Sur un plan général, sans distinguer la bio, la hausse des prix alimentaires en France (+6,8 % en 2022, +11,8 % en 2023) a pesé sur le comportement des consommateurs qui ont réduit leurs achats (-4,4 % en volume en 2023), et souvent opéré une descente en gamme. La bio quant à elle a néanmoins mieux maitrisé sa propre inflation (+7,7 % en 2023), mais elle a perdu plus de volumes (-7 %) ce qui amène à ce chiffre d’affaires bio globalement étale, à 12 milliards. En valeur, dans le secteur bio, ce sont les vins qui ont le plus progressé (+9 %), et les viandes le plus régressé (-9 %).
Au niveau de la commercialisation, la Grande distribution généraliste demeure indispensable et largement leader, à 50 % des ventes totales de produits bio, tout en reculant de 3,8 % en valeur pour 2023. Il est vrai qu’au sein de la GMS, les enseignes mènent des politiques tarifaires très variables pour les produits bio. Dans une enquête récente, UFC-Que Choisir[1] a ainsi passé 9 enseignes au crible et montré que, pour un panier défini, l’écart de prix entre le bio et le conventionnel était de +59 % pour Lidl ou +63 % pour Carrefour, mais de +86 % pour Monoprix. Ces niveaux de prix ont pu favoriser l’attrait de la distribution spécialisée qui connait les spécificités de ses clients et en tire bénéfice, même si le nombre de magasins s’est réduit. Elle progresse et représente 28 % des ventes. La vente directe se développe plus encore et atteint 14 % du marché. La part des artisans-commerçants augmente également avec 8 % des ventes de produits bio. Au total, ces différents acteurs approvisionnant la consommation à domicile agrègent 91 % des ventes en bio. Pour le solde, la restauration hors foyer végète à un modeste 9 % de la consommation bio malgré les promesses d’Egalim. A terme les perspectives sont là !

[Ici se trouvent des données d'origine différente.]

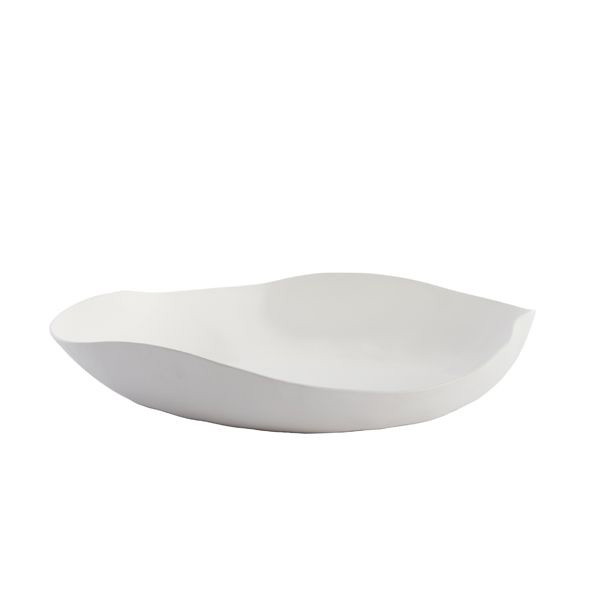 CENTRO METAL ANZIO CREMA - Imagen 1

La morosité de la situation des filières bio en aval se transmet à l’amont. En 2023 les surfaces de production bio (certifiées et en conversion) ont reculé de 54 000 hectares, soit -2 %, à 2,768 millions d’hectares ce qui représente encore 10,4 % de la surface agricole française, leader européen. Les cheptels bio sont presque tous en baisse, principalement en poulet et en porc, mais aussi en production laitière. Néanmoins, le solde annuel du nombre de nouveaux producteurs spécialisés en bio, s’il se réduit en 2023, est demeuré positif avec +7 % d’entrées et -5 % de sorties. Ces sorties sont pour moitié dues à un changement de système, et pour un tiers au départ à la retraite. Au total 61 000 fermes sont engagées pour tout ou partie en bio, soit 14 % des fermes françaises. L’attractivité du modèle demeure.
Après deux années de tempête inflationniste qui auraient pu mettre à mal le modèle économique des filières bio, il s’avère que le socle de production et de transformation, avec certes des différences notables par filières, résiste et que l’engagement des consommateurs ne s’est pas évanoui. Demain les arbres ne monteront pas au ciel, mais le relais prévu par la loi en ce qui concerne la restauration hors foyer, la reprise de l’innovation dans l’offre à la distribution et le développement continu du point fort qu’est la vente directe peuvent ouvrir des perspectives positives, tel que c’est le cas dans la majorité des pays européens. Par définition une pause est momentanée.